There are many difficulties in the detection of small and micro unmanned aerial vehicles, mainly including the following aspects:
The characteristics of the target make detection difficult.
Small radar reflection cross-sectional area: Small and micro unmanned aerial vehicles (UAVs) are compact in size, and their radar reflection cross-sectional area is much smaller than that of large aircraft. This results in relatively weak reflected signals received by the radar, shortening the detection range of the radar and making it difficult to detect targets from a greater distance.
Low flight altitude: Small and micro drones such as multi-rotor drones are typical "low, slow and small" targets. Their flight altitude is low, and they are in the blind spot of traditional air detection radars, making them easily masked by ground clutter.
Slow flight speed and strong maneuverability: Small and micro unmanned aerial vehicles (UAVs) have a slow flight speed and their movements are unpredictable. They can also perform rapid maneuvering flights, changing their flight direction and speed at any time, and even hover and move vertically. This brings great difficulties to the automatic tracking algorithm of radar, making it hard for them to stably track and lock onto targets.
Interference in complex environments
Ground noise interference: When small and micro drones fly at low altitudes, they are subject to noise interference generated by ground buildings, mountains, forests, etc. These noises will mix with the echo signals of the drones, increasing the difficulty of distinguishing the drone signals from the echoes.
Electromagnetic interference: There are a large number of electromagnetic interference sources in environments such as cities, mountainous areas or the ocean, such as communication antennas, two-way radios, telemetry systems, etc. These interferences can interfere with the signal reception and processing of detection equipment such as radars, affecting the detection effect.

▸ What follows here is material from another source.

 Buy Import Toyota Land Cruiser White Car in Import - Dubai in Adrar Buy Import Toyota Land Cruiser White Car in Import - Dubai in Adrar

Limitations of detection technology
The shortcomings of a single detection method: Traditional air defense radars are designed for large aerial targets and have poor detection effects on small and micro unmanned aerial vehicles. Although there are targeted low-altitude detection radars, there are still some problems. For instance, X-band radars have good low-altitude propagation capabilities, but they suffer significant propagation losses in the atmosphere. Photoelectric detection technology is greatly affected by fog, water vapor, dust and other factors, with limited detection distance and a relatively high false alarm rate.
High false alarm rate: To enhance the detection capability of small and micro drones, it is usually necessary to increase the sensitivity of the radar. However, this will lead to an increase in the false alarm rate, causing the system to spend more time and resources distinguishing between real and false targets.
The difficulty of multi-target tracking: In modern battlefields or complex environments, multiple small and micro unmanned aerial vehicles (UAVs) may appear simultaneously, which poses very high requirements for the multi-target tracking and discrimination capabilities of detection systems such as radars. It is extremely difficult to accurately track and distinguish all targets while maintaining a low false alarm rate and missed alarm rate.
Challenges of special types of unmanned aerial vehicles (UAVs) : Some special types of small and micro UAVs, such as fiber-guided UAVs, have strong anti-interference capabilities due to their signal transmission running inside optical fibers and not radiating signals externally, making them difficult to be detected by conventional radio monitoring and other means.